- Assigned task
Without copying any picture, transcribe exactly the lines of the data below from the one containing "Shirt golden retriever" through the one containing "Vaza Diesel, Pako".

- Study material
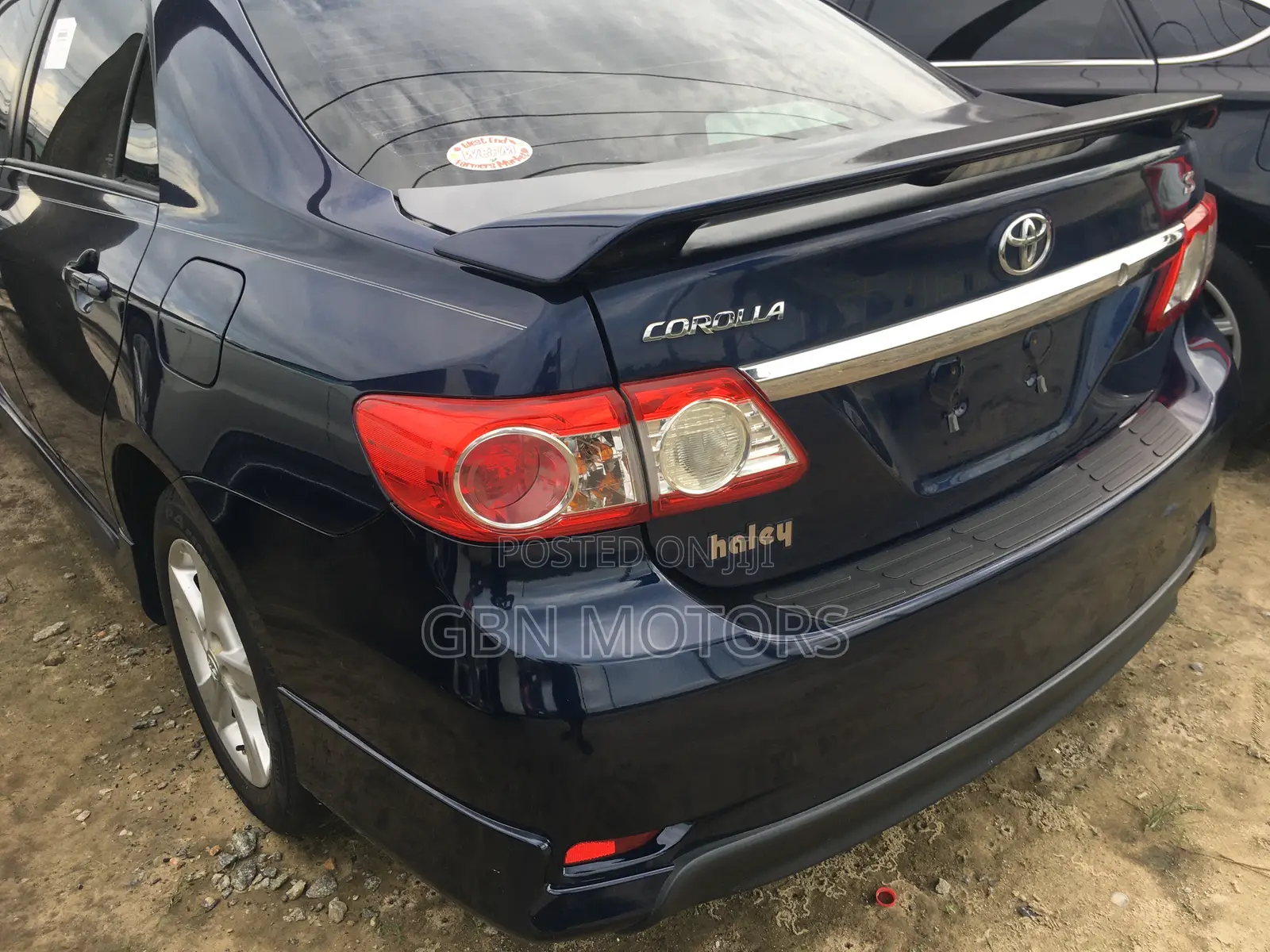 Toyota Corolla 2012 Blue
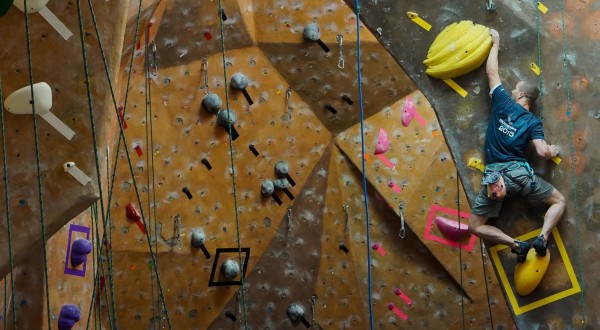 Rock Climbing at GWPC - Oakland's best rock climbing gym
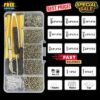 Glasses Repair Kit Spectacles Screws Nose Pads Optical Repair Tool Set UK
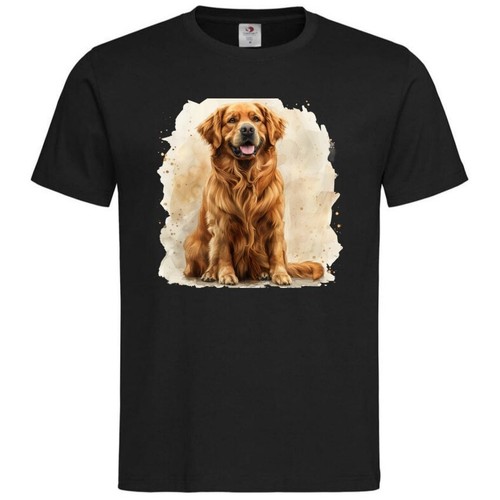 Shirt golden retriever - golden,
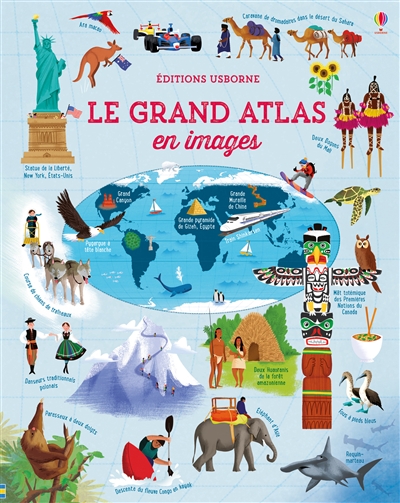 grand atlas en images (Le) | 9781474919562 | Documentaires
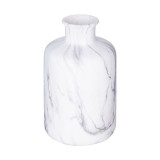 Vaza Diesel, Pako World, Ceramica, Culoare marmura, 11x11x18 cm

--

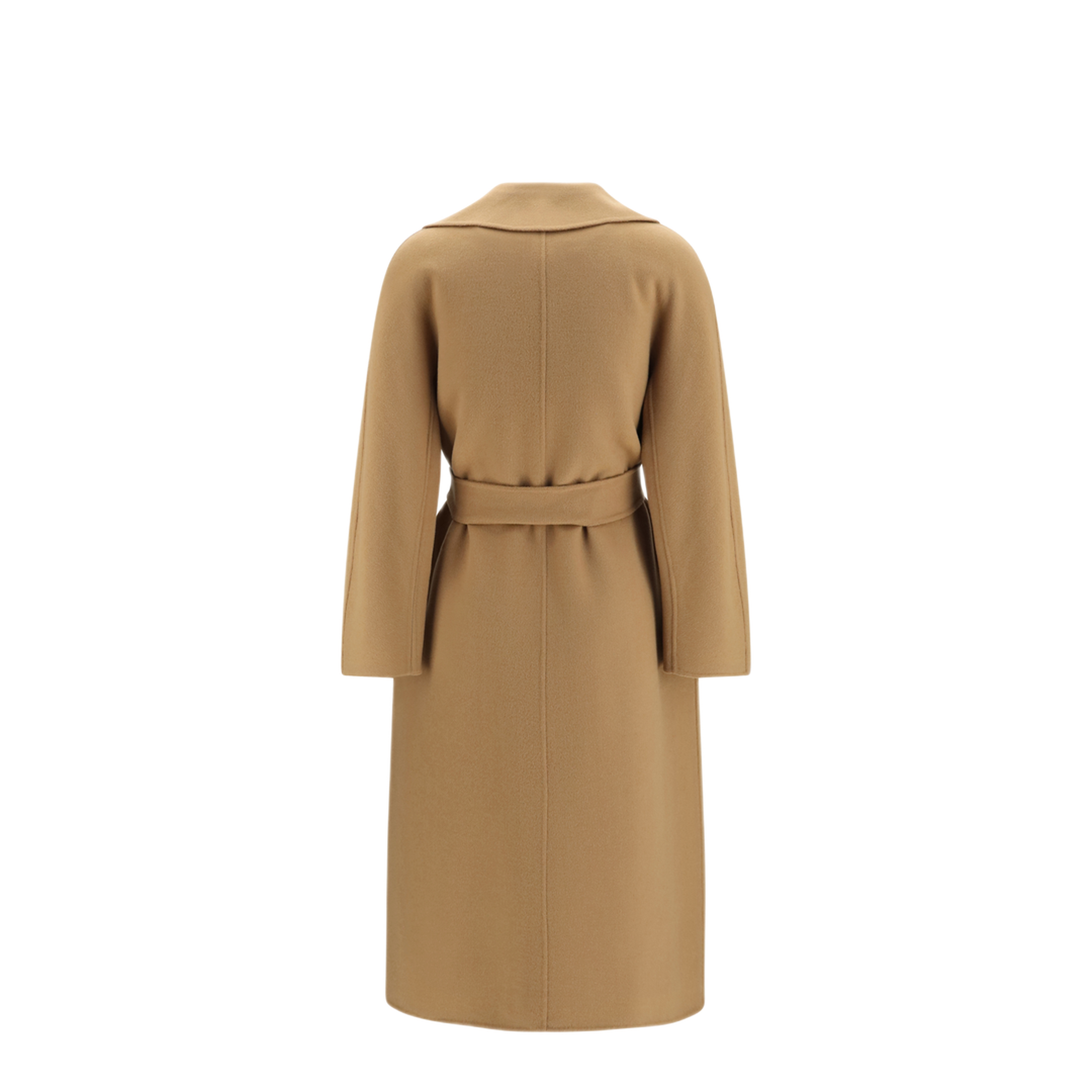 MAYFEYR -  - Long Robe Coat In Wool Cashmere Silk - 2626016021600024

...

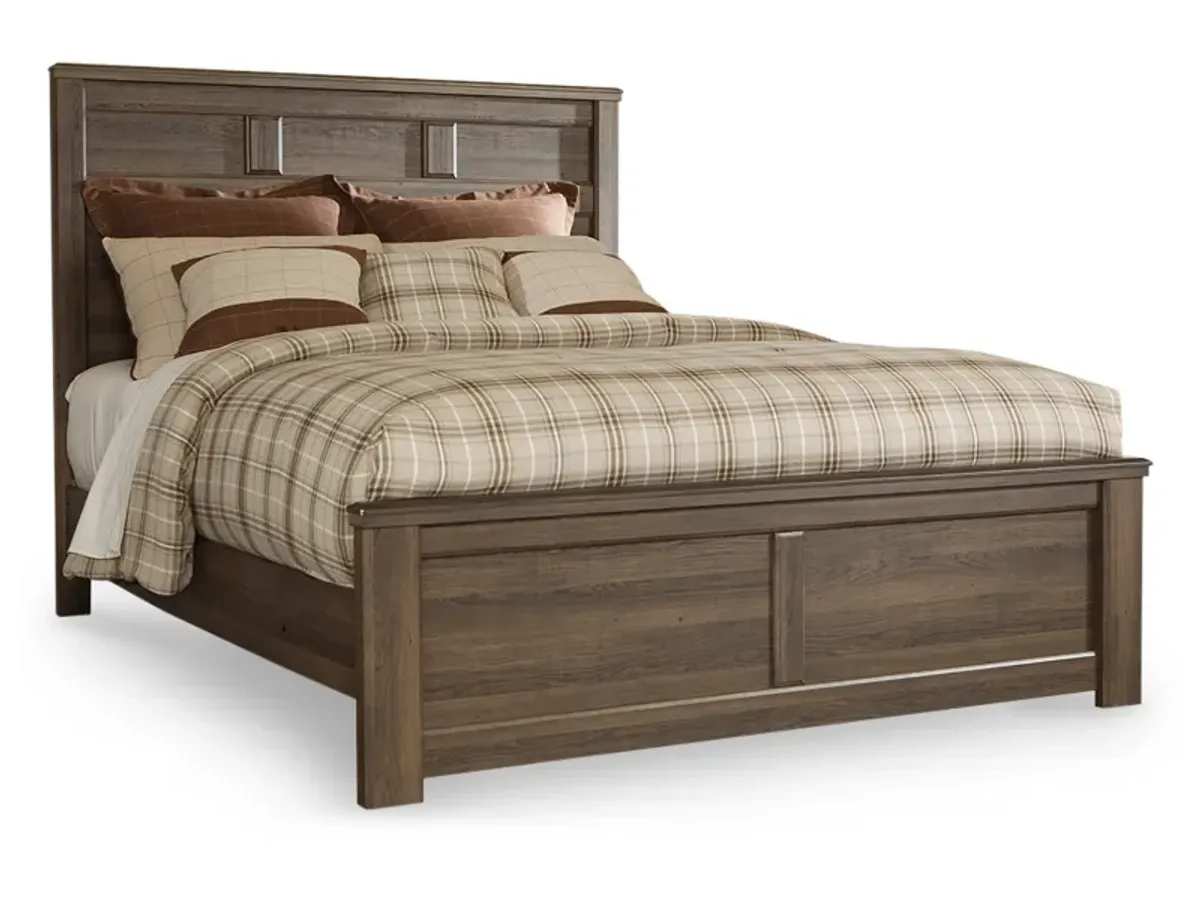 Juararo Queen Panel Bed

- Worked solution
 Shirt golden retriever - golden,
 grand atlas en images (Le) | 9781474919562 | Documentaires
 Vaza Diesel, Pako World, Ceramica, Culoare marmura, 11x11x18 cm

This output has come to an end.